An exact copy of every record, with no pictures, please.

* * * * * * * * *

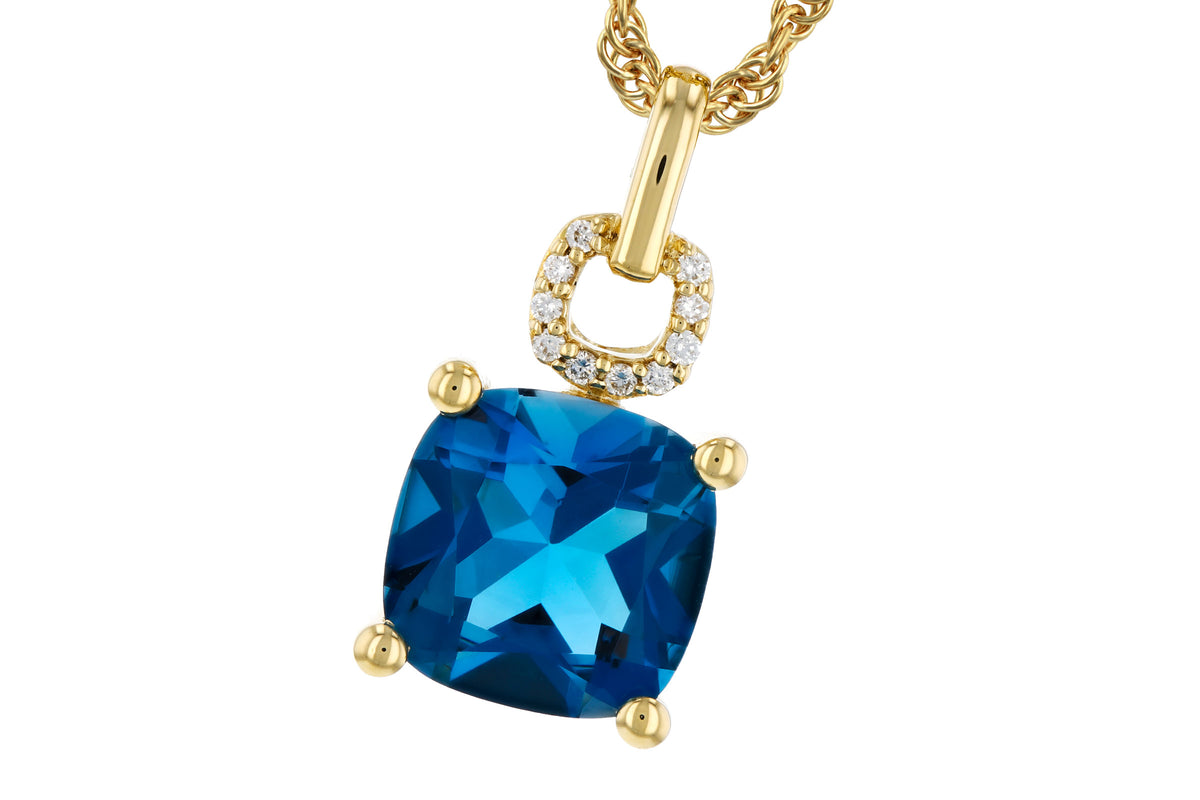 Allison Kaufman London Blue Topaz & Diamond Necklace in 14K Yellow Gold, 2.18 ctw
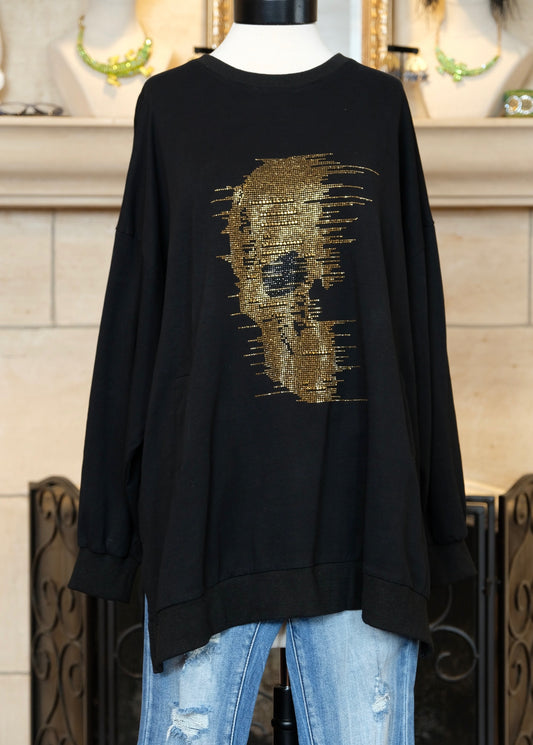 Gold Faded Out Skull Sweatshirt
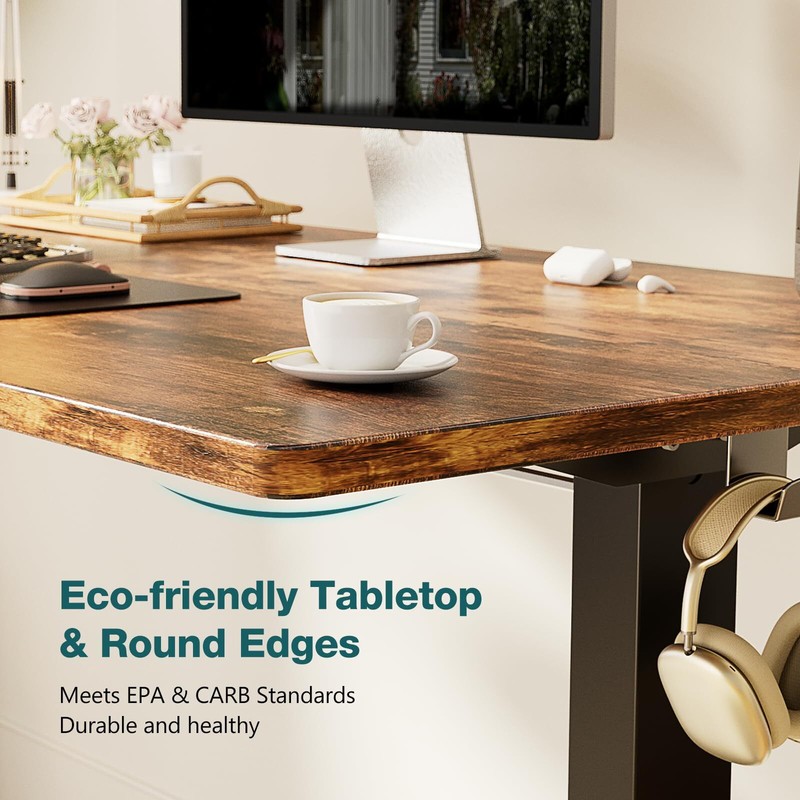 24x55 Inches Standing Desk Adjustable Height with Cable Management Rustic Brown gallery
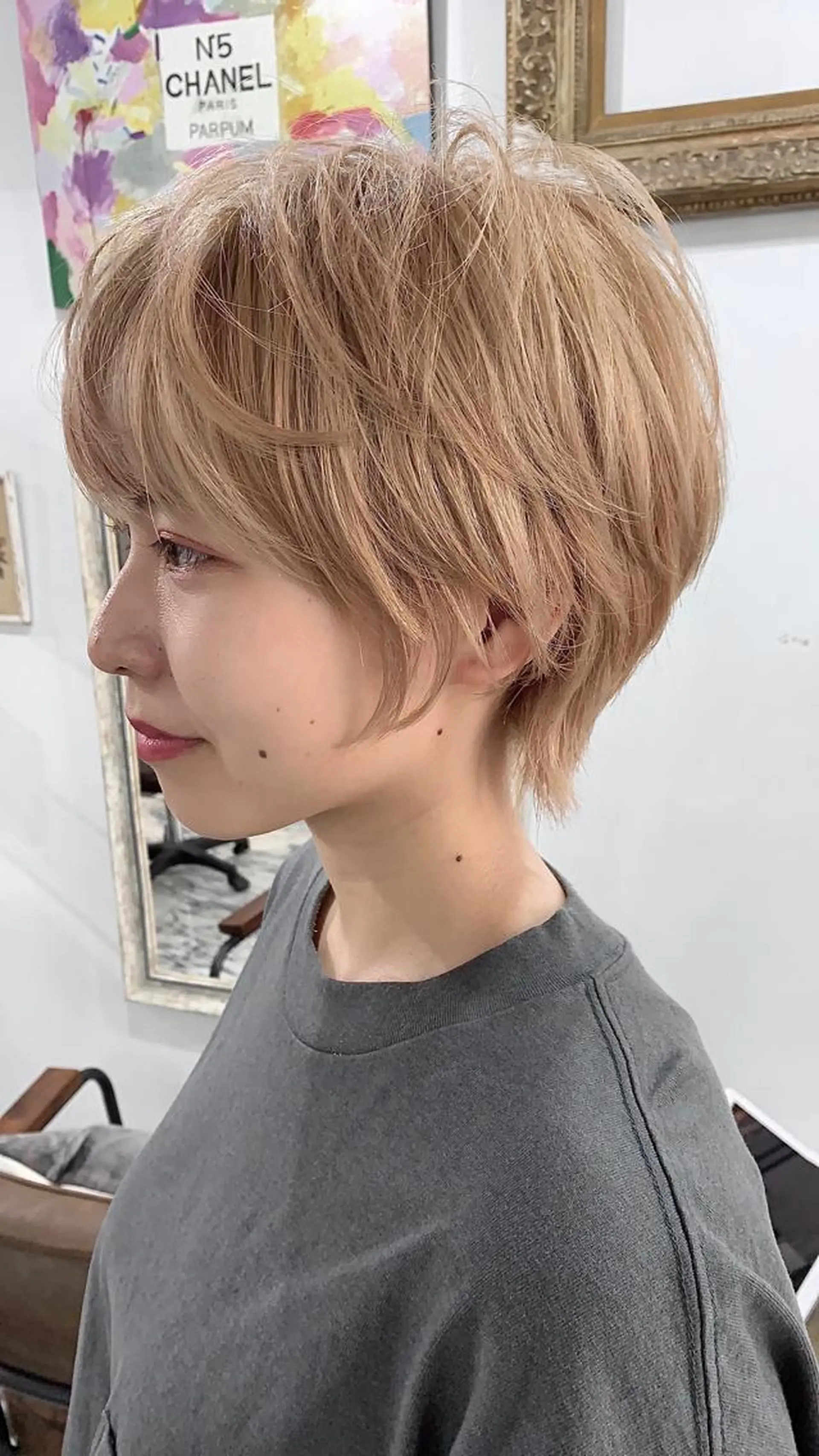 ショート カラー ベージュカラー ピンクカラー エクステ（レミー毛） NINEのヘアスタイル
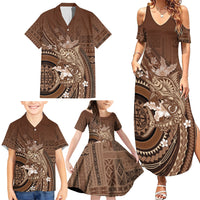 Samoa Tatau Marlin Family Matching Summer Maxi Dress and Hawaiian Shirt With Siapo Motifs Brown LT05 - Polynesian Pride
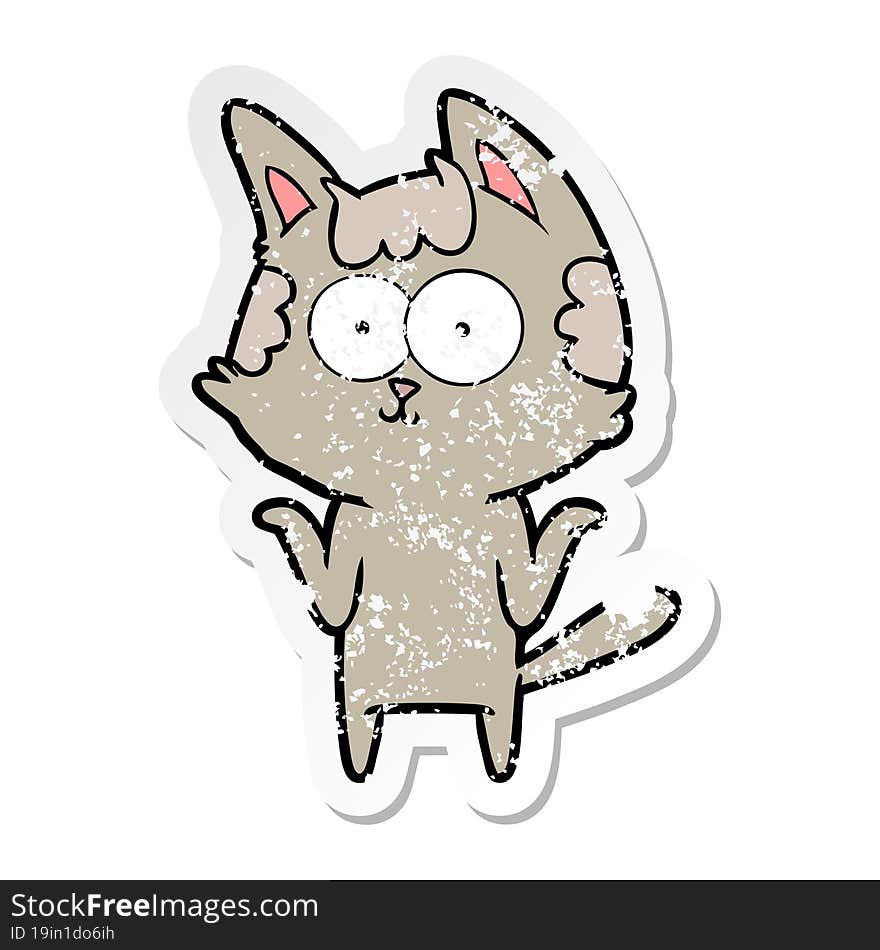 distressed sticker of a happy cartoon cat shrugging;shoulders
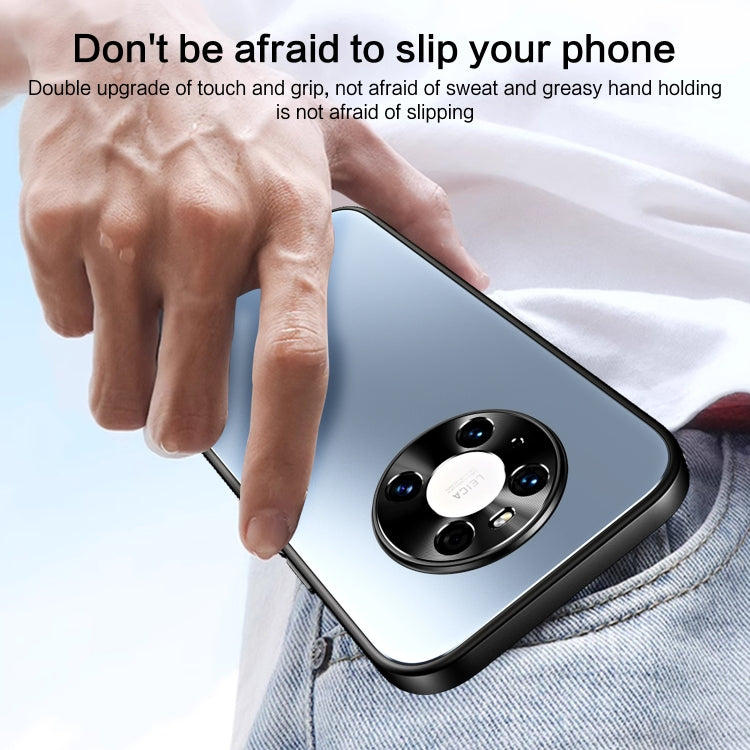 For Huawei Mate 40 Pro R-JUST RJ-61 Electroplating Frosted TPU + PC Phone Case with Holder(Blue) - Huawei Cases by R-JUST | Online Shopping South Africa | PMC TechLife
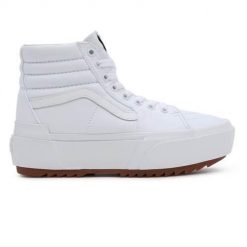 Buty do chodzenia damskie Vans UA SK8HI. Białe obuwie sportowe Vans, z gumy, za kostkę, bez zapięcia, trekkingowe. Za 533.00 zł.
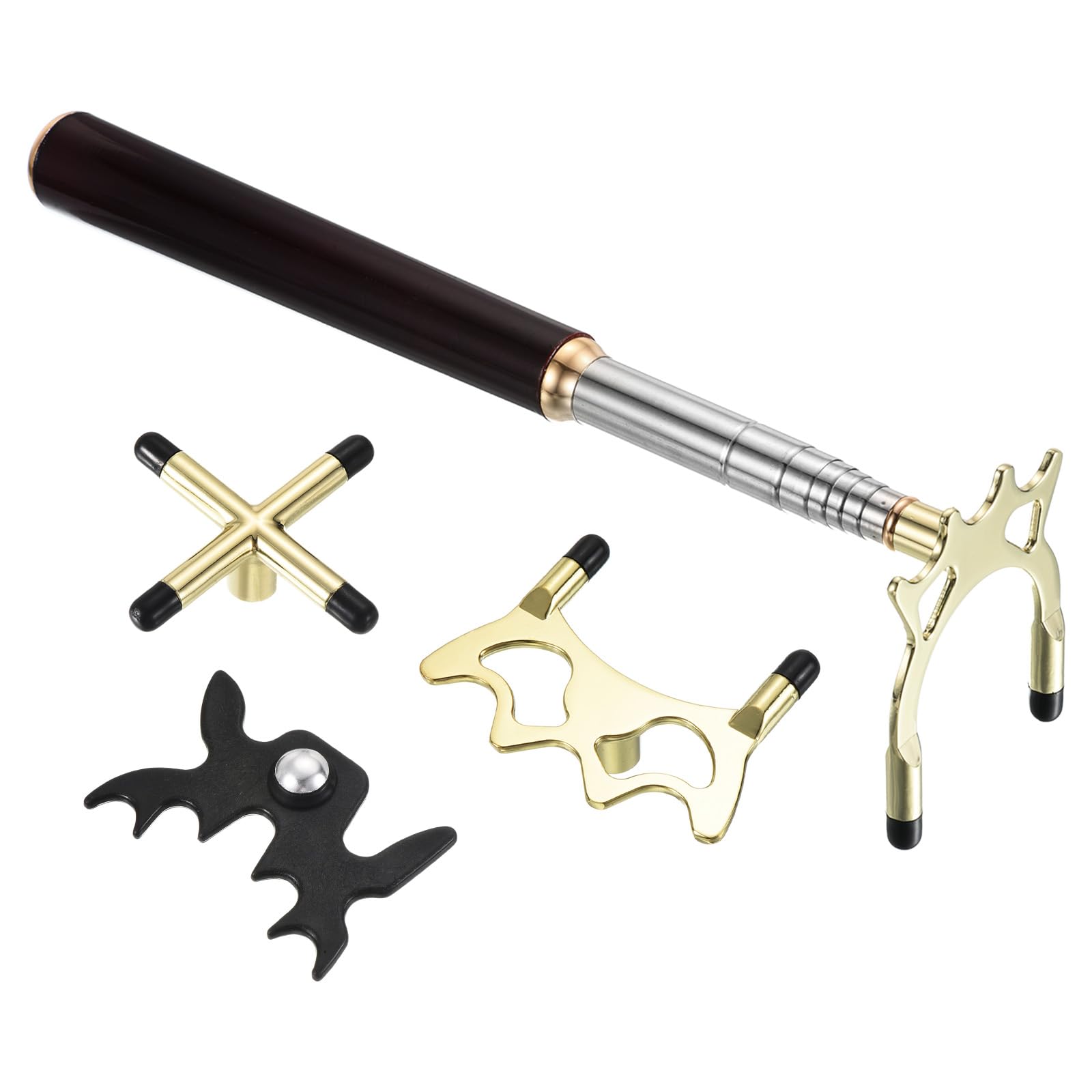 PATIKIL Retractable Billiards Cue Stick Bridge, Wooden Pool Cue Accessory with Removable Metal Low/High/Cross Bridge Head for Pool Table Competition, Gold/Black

* * * * * * * * *

*SOLUTION*.
 Allison Kaufman London Blue Topaz & Diamond Necklace in 14K Yellow Gold, 2.18 ctw
 Gold Faded Out Skull Sweatshirt
 24x55 Inches Standing Desk Adjustable Height with Cable Management Rustic Brown gallery
 ショート カラー ベージュカラー ピンクカラー エクステ（レミー毛） NINEのヘアスタイル
 Samoa Tatau Marlin Family Matching Summer Maxi Dress and Hawaiian Shirt With Siapo Motifs Brown LT05 - Polynesian Pride
 distressed sticker of a happy cartoon cat shrugging;shoulders
 For Huawei Mate 40 Pro R-JUST RJ-61 Electroplating Frosted TPU + PC Phone Case with Holder(Blue) - Huawei Cases by R-JUST | Online Shopping South Africa | PMC TechLife
 Buty do chodzenia damskie Vans UA SK8HI. Białe obuwie sportowe Vans, z gumy, za kostkę, bez zapięcia, trekkingowe. Za 533.00 zł.
 PATIKIL Retractable Billiards Cue Stick Bridge, Wooden Pool Cue Accessory with Removable Metal Low/High/Cross Bridge Head for Pool Table Competition, Gold/Black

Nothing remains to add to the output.